*** Exercise data ***

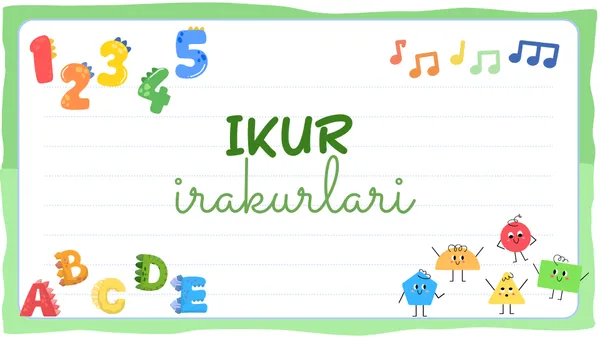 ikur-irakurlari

*** End of Exercise data ***
*** Exercise data ***

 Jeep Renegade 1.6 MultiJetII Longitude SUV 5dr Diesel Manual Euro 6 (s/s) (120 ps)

*** End of Exercise data ***
*** Exercise data ***

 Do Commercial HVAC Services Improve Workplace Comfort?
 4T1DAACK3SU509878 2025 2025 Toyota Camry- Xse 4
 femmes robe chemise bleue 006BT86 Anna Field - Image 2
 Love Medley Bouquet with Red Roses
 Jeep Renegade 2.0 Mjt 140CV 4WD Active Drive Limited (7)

*** End of Exercise data ***

Problem statement:
For the word "Jeep", count the lines of the data that contain it and state only that count.

Answer to this exercise:
2